The expiration of the nearly 30-year-old U.S.-Mexico Tomato Suspension Agreement this week has sparked both concern and praise across the produce industry. The agreement, which previously governed pricing and inspections for Mexican tomato imports, ended after the U.S. Department of Commerce withdrew from it, reinstating a 17% tariff on most fresh tomatoes from Mexico.
U.S. Rep. Henry Cuellar warned that the termination could lead to higher consumer prices and job losses, particularly in border communities like Laredo. "Ending the agreement will lead to not only a sharp increase in tomato prices for consumers, but also job losses for businesses," Cuellar said during a press conference in San Antonio. Citing a Texas A&M AgriLife Extension Service study, he noted that Mexican tomato imports supported over 46,000 jobs in the U.S. and contributed $8.3 billion in economic output in 2024. As many as 32,000 jobs in Texas could be at risk if tariffs remain in place.
The agreement was originally formed in 1996 to settle a trade dispute after U.S. growers accused Mexican exporters of dumping tomatoes at unfairly low prices. Under the deal, Mexican producers agreed to sell at or above a minimum price and submit to quality inspections in exchange for the suspension of anti-dumping duties. The framework was periodically updated, but it had remained a foundation of the tomato trade for decades.
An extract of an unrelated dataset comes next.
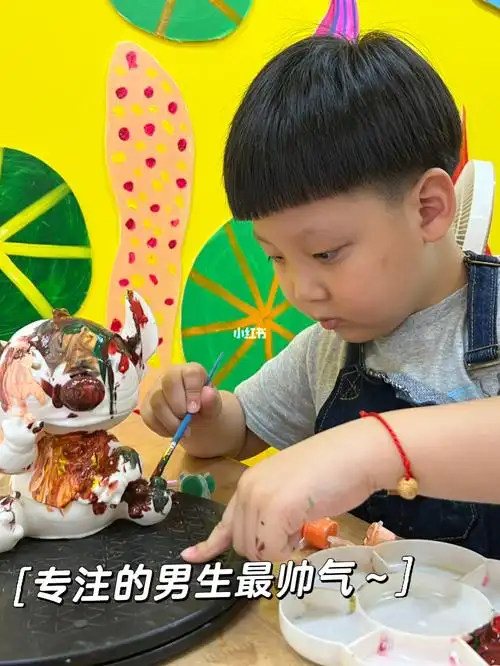 专注帅气的熙宝哥挑战西瓜头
Now, with tariffs back in place, Cuellar has joined business leaders like U.S. Hispanic Chamber of Commerce President Ramiro Cavazos in calling for the agreement to be reinstated or replaced. He supported a Texas Legislature resolution earlier this year urging a 90-day delay in the deal's expiration.
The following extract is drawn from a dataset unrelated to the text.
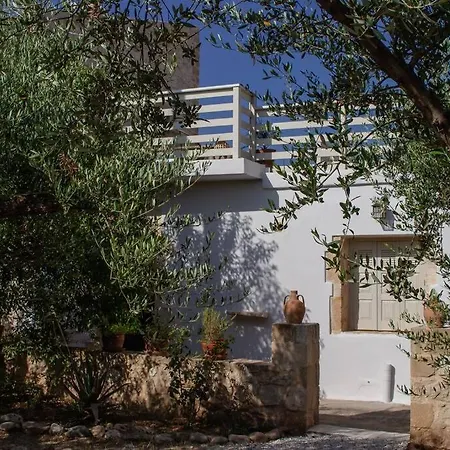 Semesterbostad Amygdalia Traditional House *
However, not everyone is opposed to the decision. Members of the Alabama Fruit & Vegetable Growers Association (AFVGA) welcomed the move, saying it finally levels the playing field for local farmers. "The termination of this deal is long overdue and gives our family farms a real chance to thrive again," said AFVGA Executive Director Blake Thaxton.
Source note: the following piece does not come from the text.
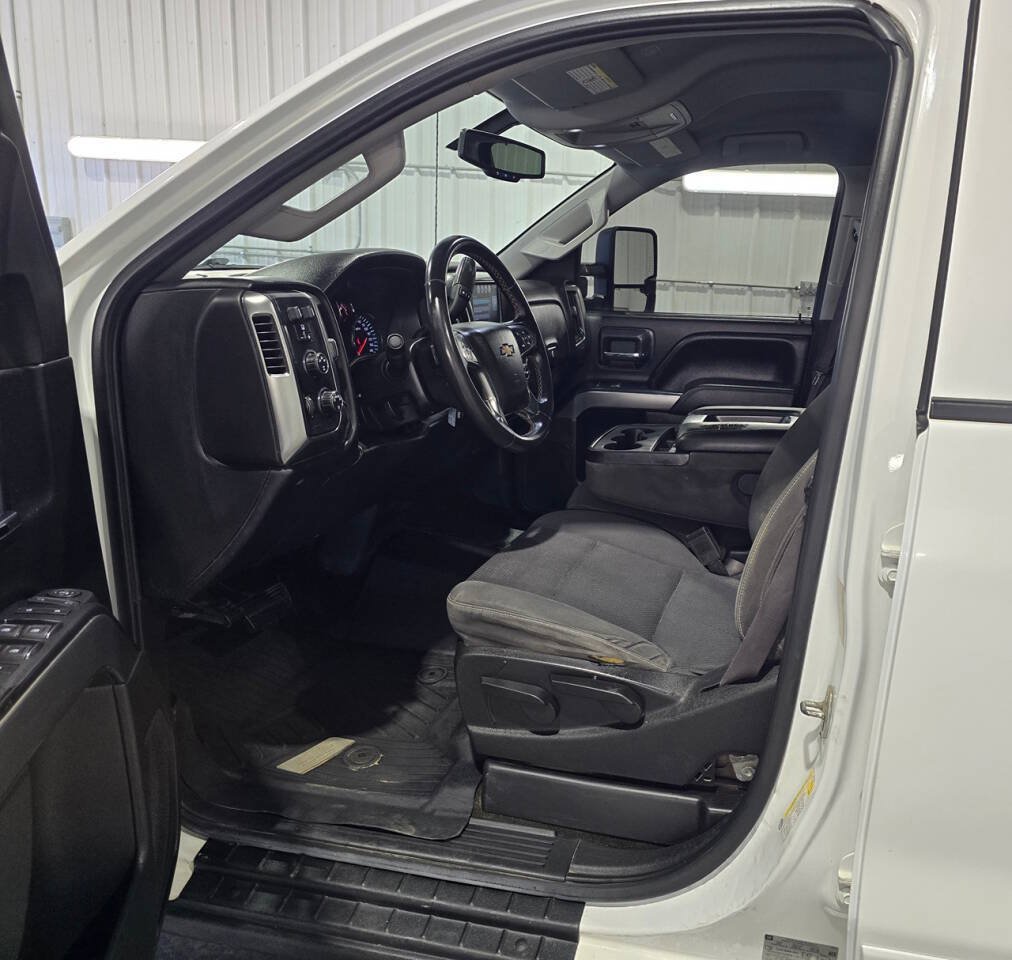 Used 2016 Chevrolet Silverado 2500 LT AWD/4WD image 7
St. Clair County farmer Chad Smith noted that the tariff has already spurred interest from buyers in local produce. "This tariff is a lifesaver to many farmers who have much higher costs and restrictions than our neighboring countries," he said. AFVGA board member Destiny Allman Gladden added, "Ending the Tomato Suspension Agreement feels like the first win we've had in years that might benefit us."
Mexico currently supplies about 70% of the U.S. tomato market.